◆ Exercise details: Only the text should come through, so restate the listing exactly and drop its images.

◆ Dataset records:
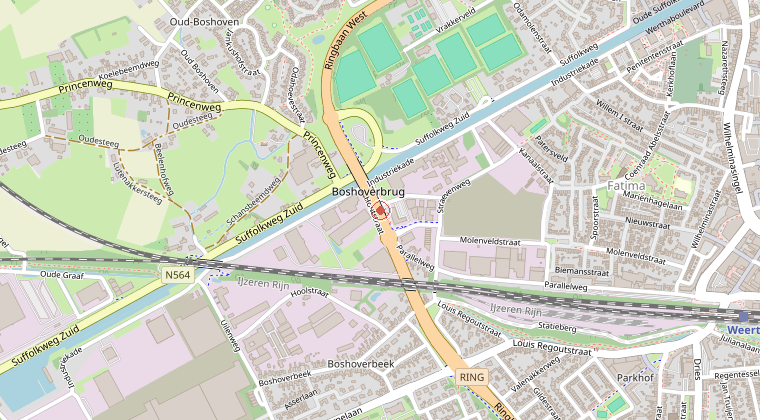 Kaart van de omgeving van de melding
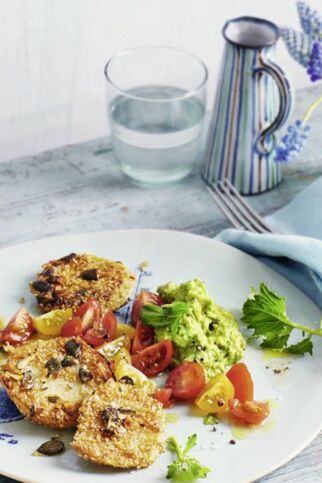 Kohlrabischnitzel mit Avocadocreme Kohlrabischnitzel mit Avocadocreme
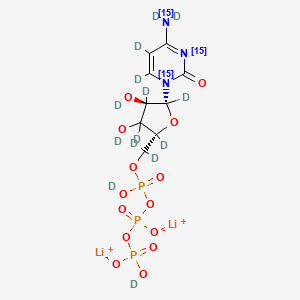 molecular formula C9H14Li2N3O14P3 B12379537 Cytidine-5'-triphosphate-15N3,d14 (dilithium) 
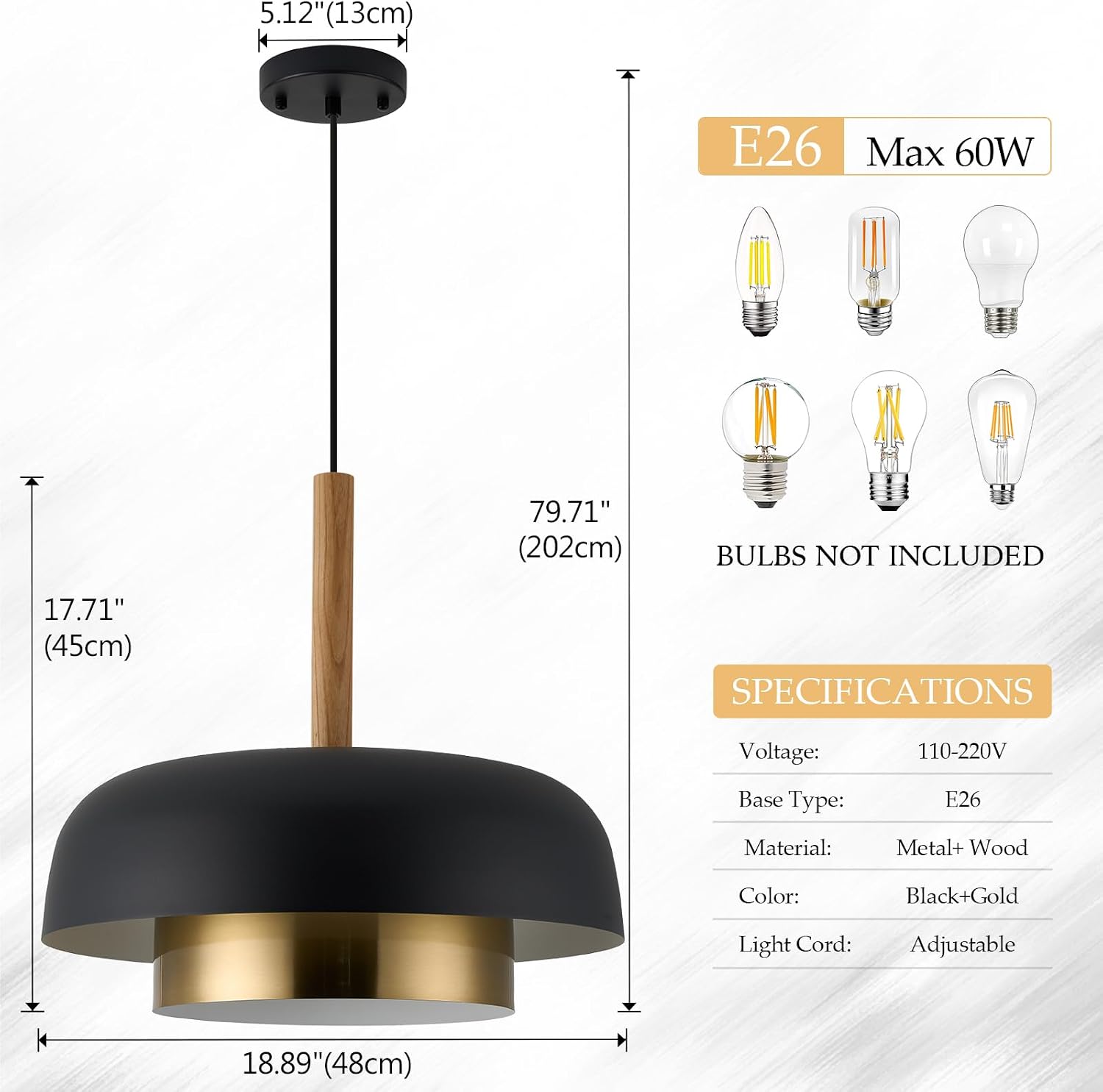 Dual Layer Wood Black Gold Pendant Light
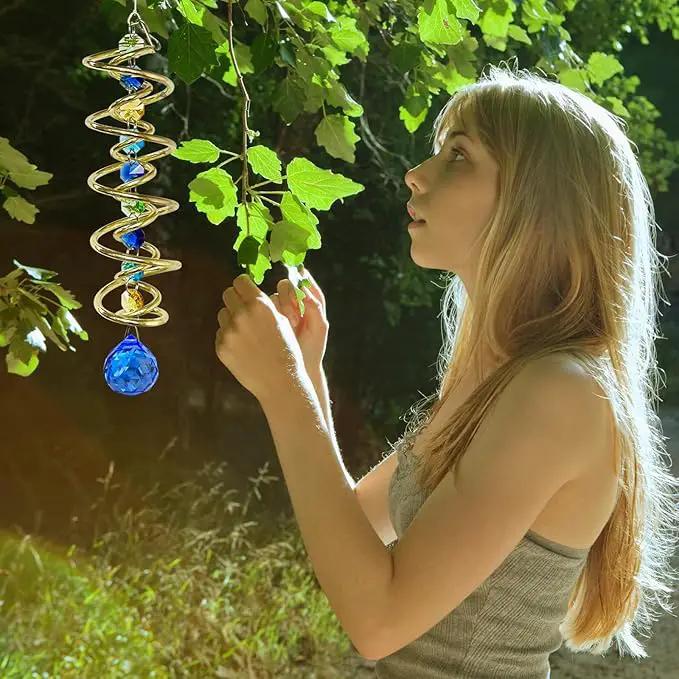 FONMY Gazing Ball Spiral Tail -Decorative Wind Spinner Sun Catcher Rainbow Maker Golden Double-Spiral W/Sea Blue Crystal Ball and Chain Crystals Beads for Indoor Outdoor Garden Decoration -14 inch H by GreenHaven Gardens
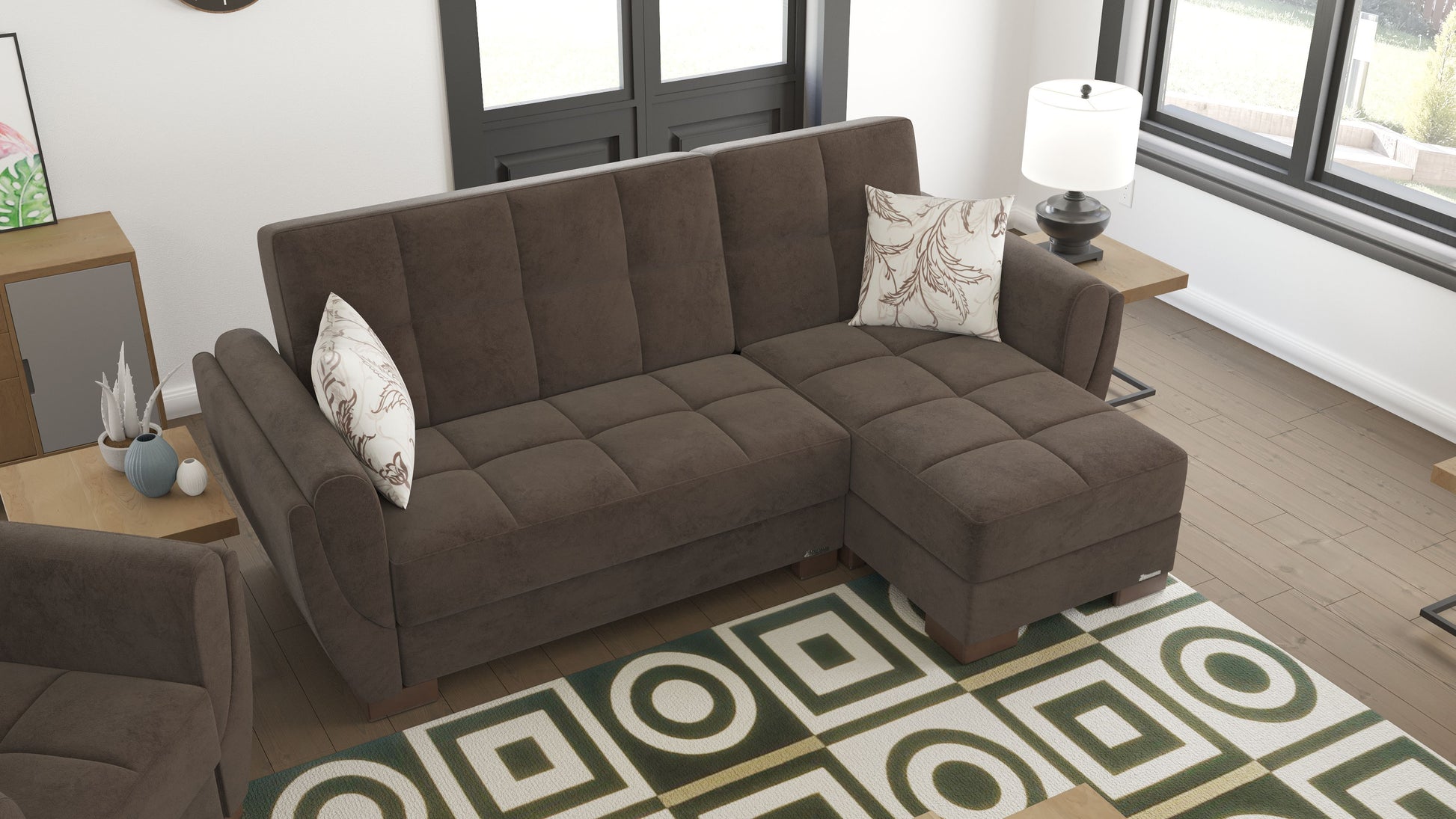 Ottomanson Armada Air - Upholstered Convertible Chaise Lounge With Storage - Microfiber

◆ Finished exercise:
 Kaart van de omgeving van de melding
 Kohlrabischnitzel mit Avocadocreme Kohlrabischnitzel mit Avocadocreme
 molecular formula C9H14Li2N3O14P3 B12379537 Cytidine-5'-triphosphate-15N3,d14 (dilithium) 
 Dual Layer Wood Black Gold Pendant Light
 FONMY Gazing Ball Spiral Tail -Decorative Wind Spinner Sun Catcher Rainbow Maker Golden Double-Spiral W/Sea Blue Crystal Ball and Chain Crystals Beads for Indoor Outdoor Garden Decoration -14 inch H by GreenHaven Gardens
 Ottomanson Armada Air - Upholstered Convertible Chaise Lounge With Storage - Microfiber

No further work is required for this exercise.